As you learned in Chapter 3, the TCP Established option could be useful in limiting access to the local networks to those sessions that originated from inside the network. Any packets originating from the outside that are trying to establish a connection would be rebuffed. But what about other protocols like UDP and ICMP that aren’t connection oriented? In fact, a similar problem occurs with TCP applications that send on one port and receive on another. Either way, the established feature doesn’t always work in these cases.

A feature of IP-named extended access lists, called reflexive access lists, provides what is referred to as reflective filtering. Any IP packet going out of a filtered port will create a temporary access list statement inbound, which is a mirror image of the outgoing packet source and destination information. This temporary opening remains active until a TCP FIN packet is received or the idle timer expires. The idle timer timeout feature is critical for protocols that don’t have a session-ending message, such as UDP and ICMP.

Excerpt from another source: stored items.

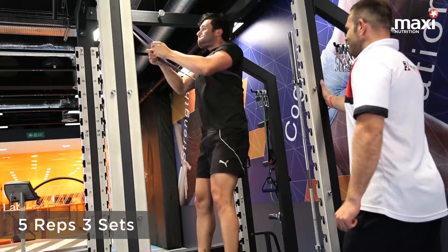This is contrast jumps. Key things here: strong athletic position and jump as high and as powerful as you can.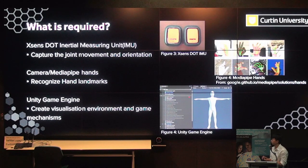For finger exercises, it's not practical to have one of these sensors on each finger. Instead, we use a library called MediaPipe Hands, developed by Google, which recognizes hand landmarks and produces coordinates. These coordinates are used to determine the angles. Finally, all the visualization framework and mini games are created in the Unity game engine.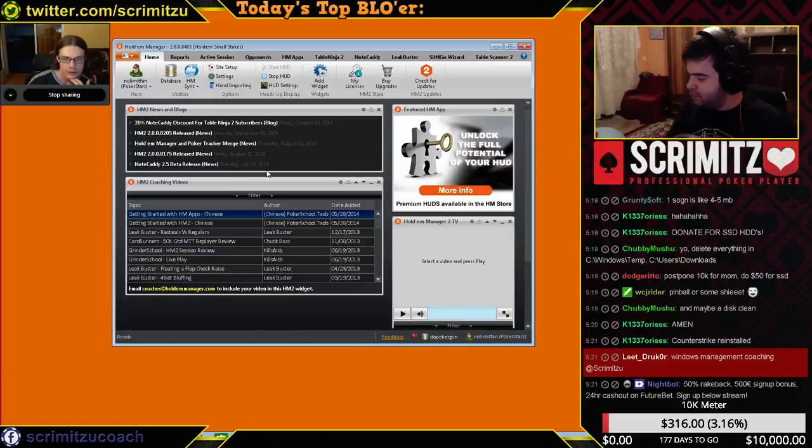It actually gives me more frames per second. I actually feel the difference between 200 frames per second and 500 frames per second, so I play with crappy resolution, crappy details, crappy everything basically, and it works just fine.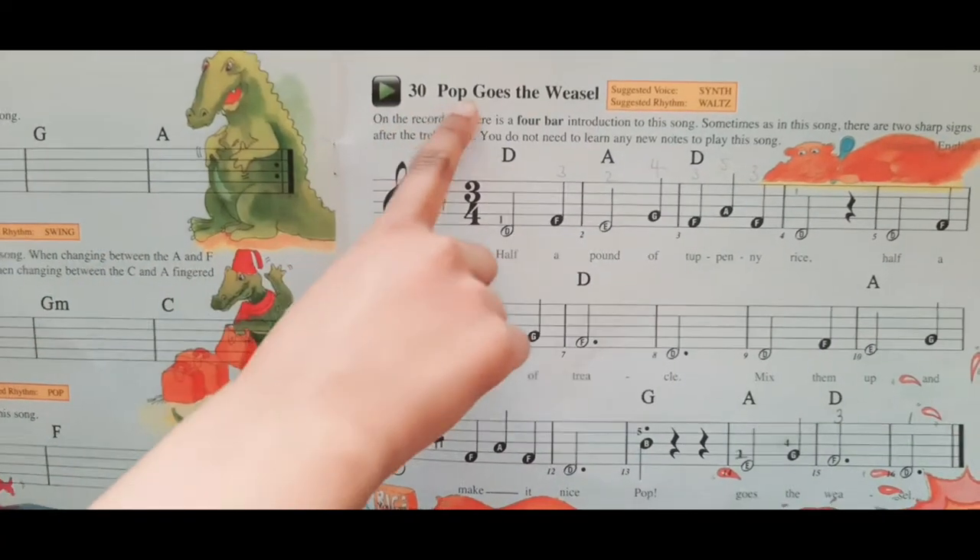Today I'm going to play Pop Goes the Weasel. It says here, Pop Goes the Weasel.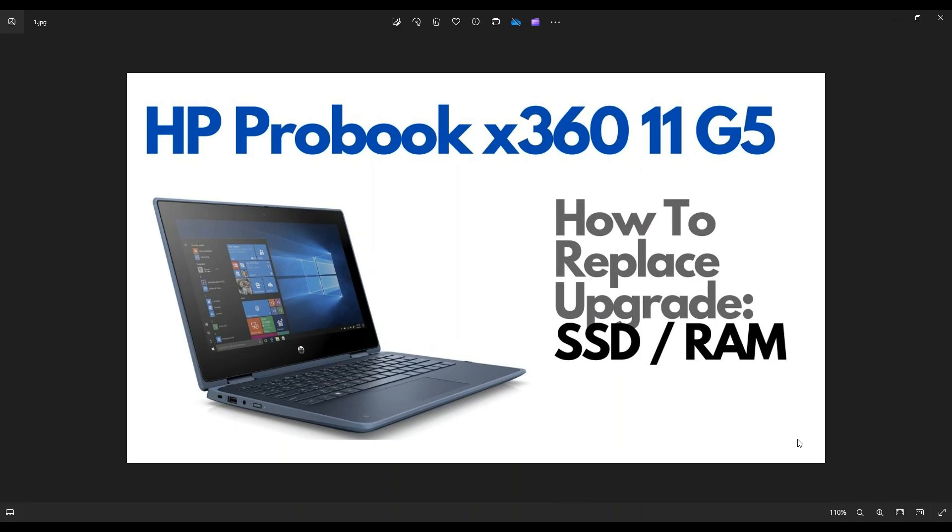Hey guys, my name is Jamin. Thanks so much for visiting my channel. In this video, I have an HP ProBook X360 11G5 computer. I'm going to show you how to get inside, access, and upgrade your storage, your solid state drive.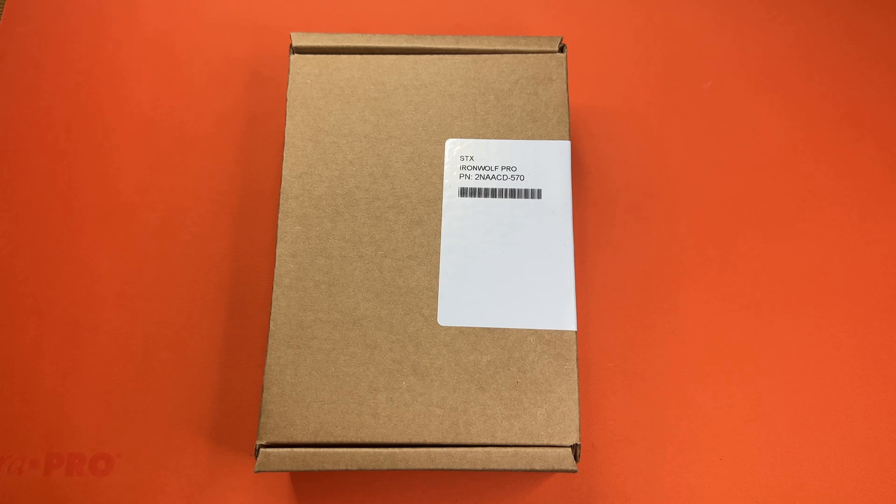Hello, this is the Tachibana Tech channel coming at you with another unboxing video. Today we will be unboxing the Iron Wolf Pro by Seagate. It's different from the regular Barracuda Compute hard drive because this is meant for long-term storage and to go inside of a NAS.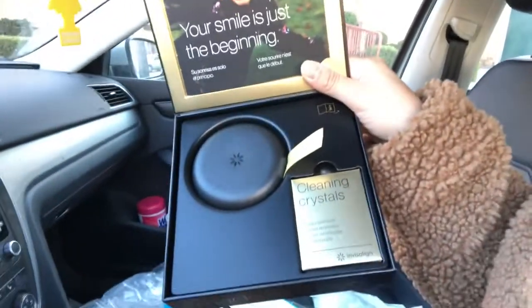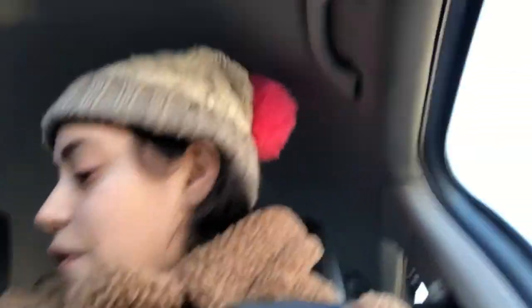I just got out of there — I got my 12 trays. They gave me a case, and inside there's something to clean your trays with. It feels more official now. Yes, it's official — I got my little case so I'm not losing my Invisalign trays. I have to have them on for about 20 to 22 hours a day. Take them out when eating, and you can only drink cold or room temperature water with them in.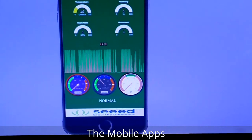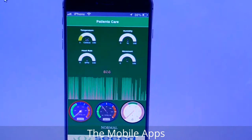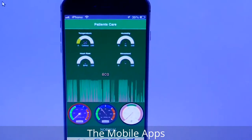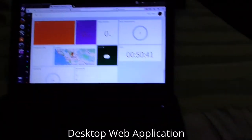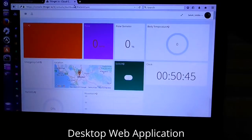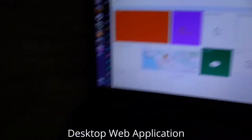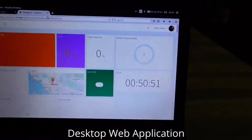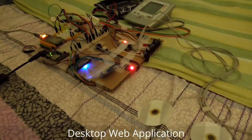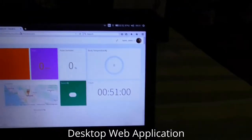This is the desktop dashboard, as you can see. The device is still connecting — I just powered on the device. When it starts up you can see the changes in the data.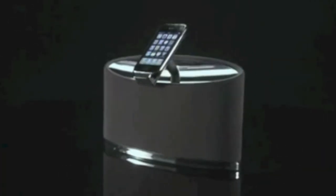You'll probably be familiar with the iconic B&W Zeppelin iPod dock, winner of dozens of awards for its design and sound quality. Well, let me introduce you to its little brother, the brand new Zeppelin Mini, which B&W say delivers the same innovation and quality as the Zeppelin, but in a deliciously dinky package.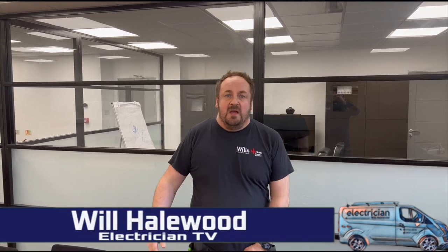Good evening fellow groove riders, welcome back to another episode. Tonight's episode is bits and bobs - me and Ollie doing a couple of days somewhere else, and then we're all together doing the first fix of the kitchen, completely rewiring it.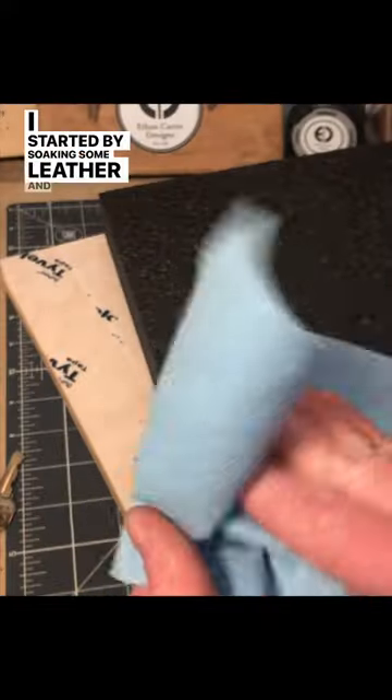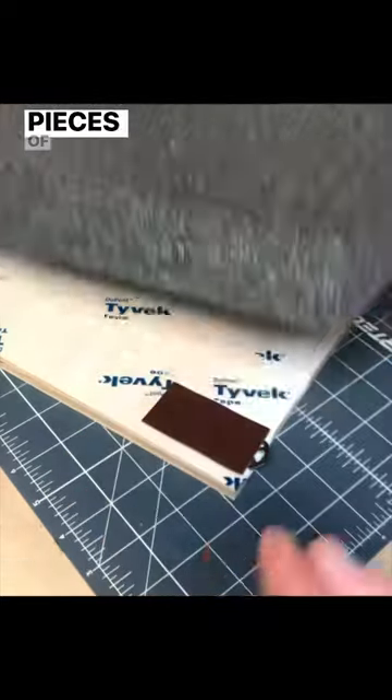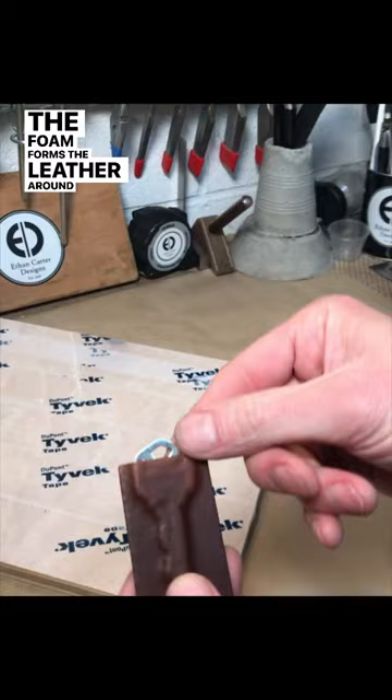I started by soaking some leather in water, then I clamped a leather, key, and a piece of polyethylene foam between two pieces of wood. The foam forms the leather around the key as it dries.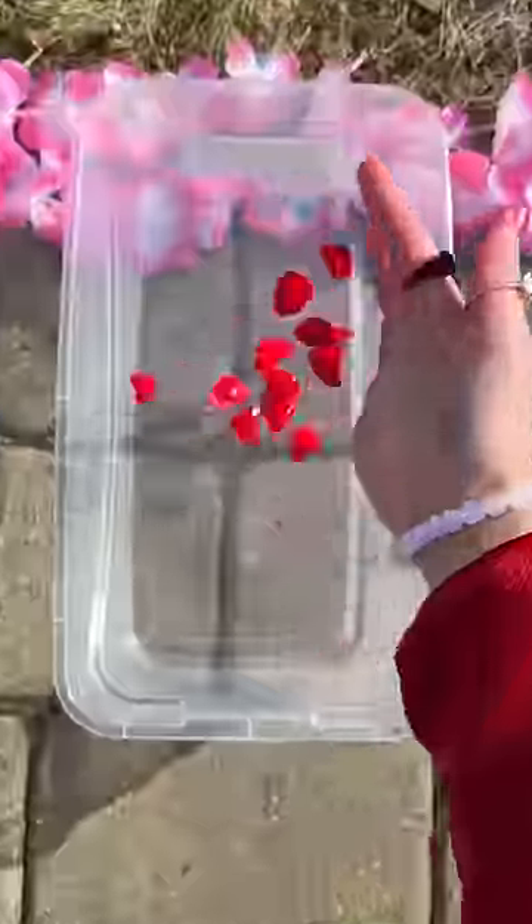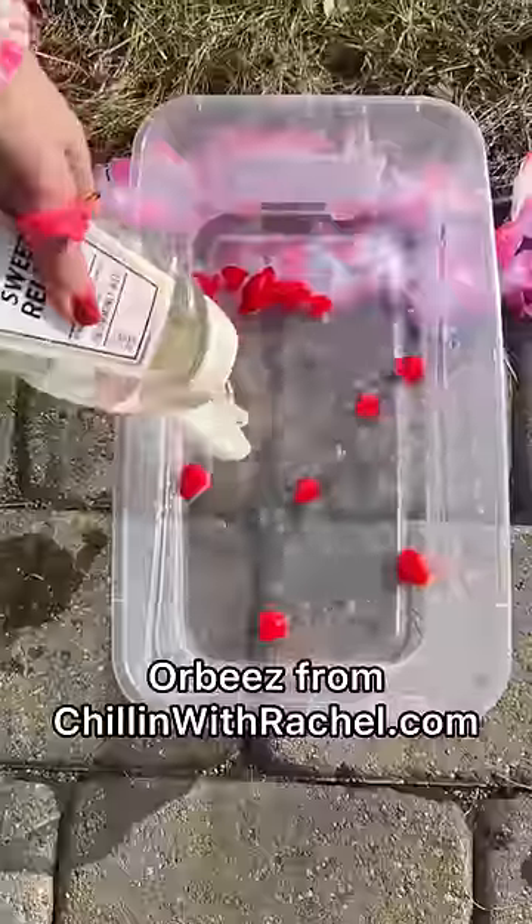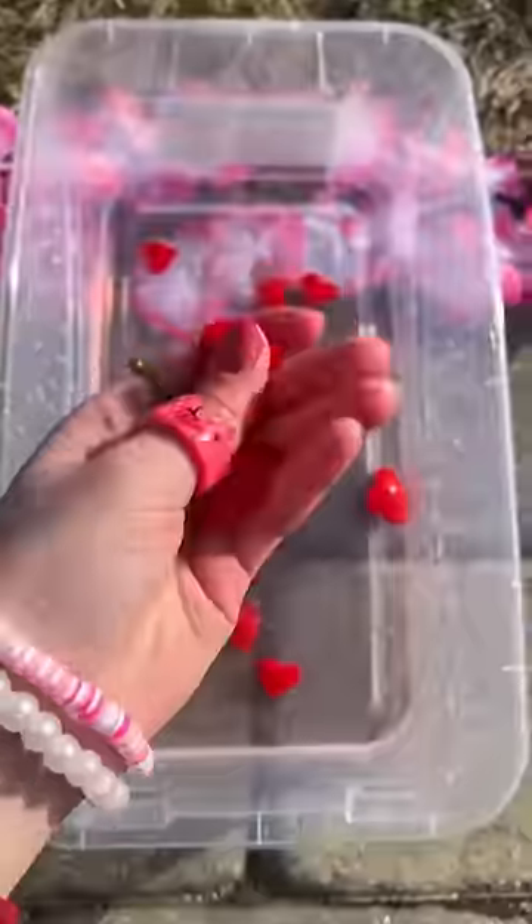I want heart-shaped Orbeez and we're going to see how big they're going to get. Why are they so slimy? Let's fill our bucket with the wettest water.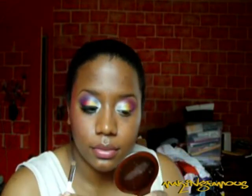Next, I'm going to take Milani's Black and Teal double-ended eyeliner and line my lower waterline with the teal color. Then I'm going to take Benai's Amethyst again and an angled eyeliner brush and apply it underneath where I just put the liner, extending it about halfway in.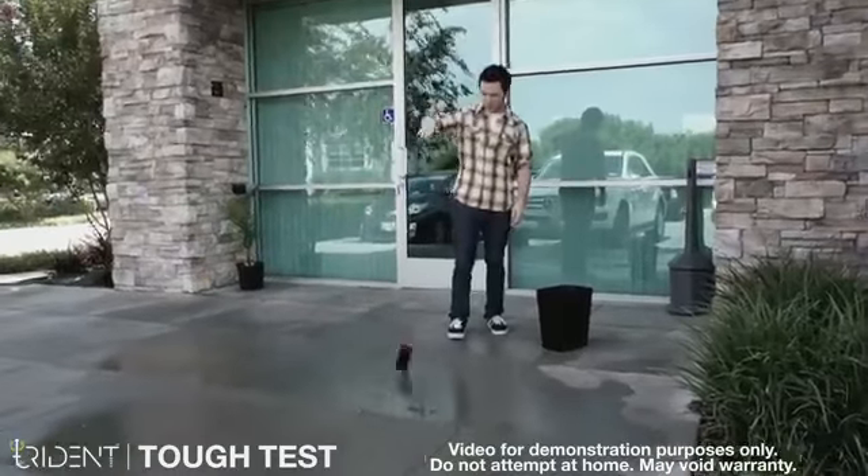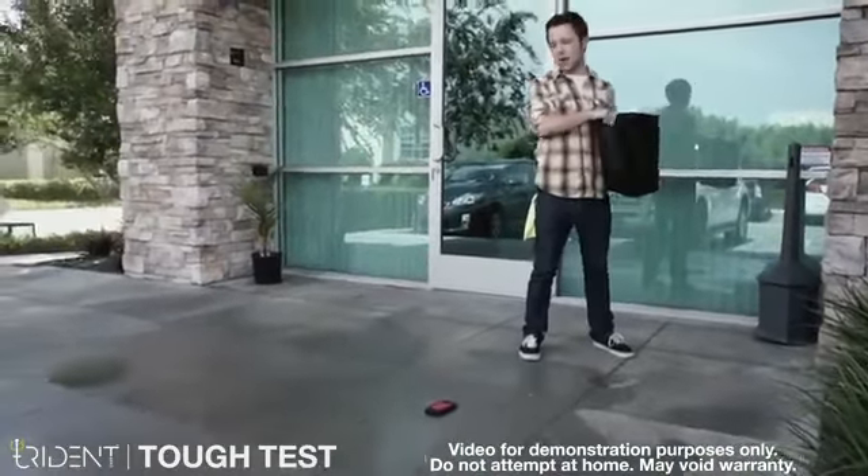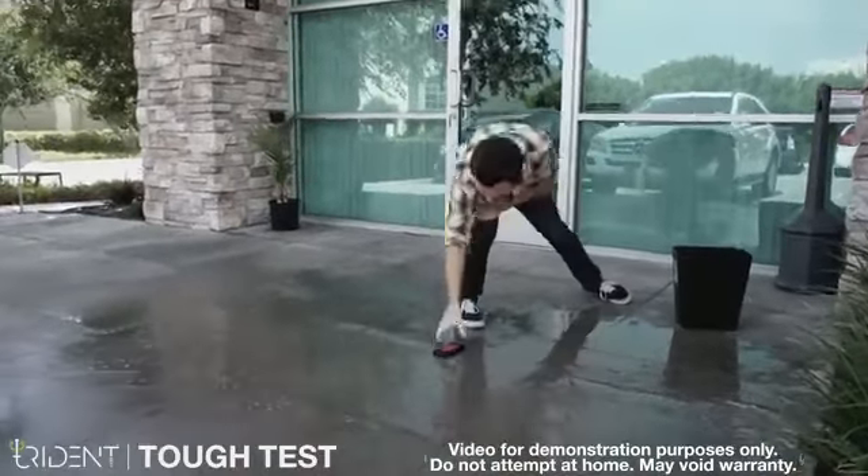So first we got the drop. Oh, that was good. And now we're gonna hit it with a bucket of water and see what happens. All right, well that is sufficiently soaked.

If host 192.168.0.10 wants to use TCP port 1045 to establish a telnet session with 192.168.1.2 in another network through its TCP 23 (telnet) port, the access list statement to allow this—if one had to be created—would look like the following:

permit tcp host 195.168.0.10 eq 1045 host 192.168.1.2 eq 23

What gets created is a temporary reflected inbound statement, which looks like the following:

permit tcp host 192.168.1.2 eq 23 host 195.168.0.10 eq 1045 

Reflexive access lists can filter network traffic based on IP upper-layer protocol information by using port numbers. They create temporary ACL statements that permit returning IP traffic for sessions originating from within the network, but prevent other IP traffic from outside. They use reflexive filtering that can only be defined in named extended IP access lists.

Reflexive access lists can be an important part of securing your network against spoofing and certain DoS attacks. They can be a major component in a router firewall defense strategy. Reflexive access lists are relatively simple to use and provide greater control over which packets enter your network than do basic access lists.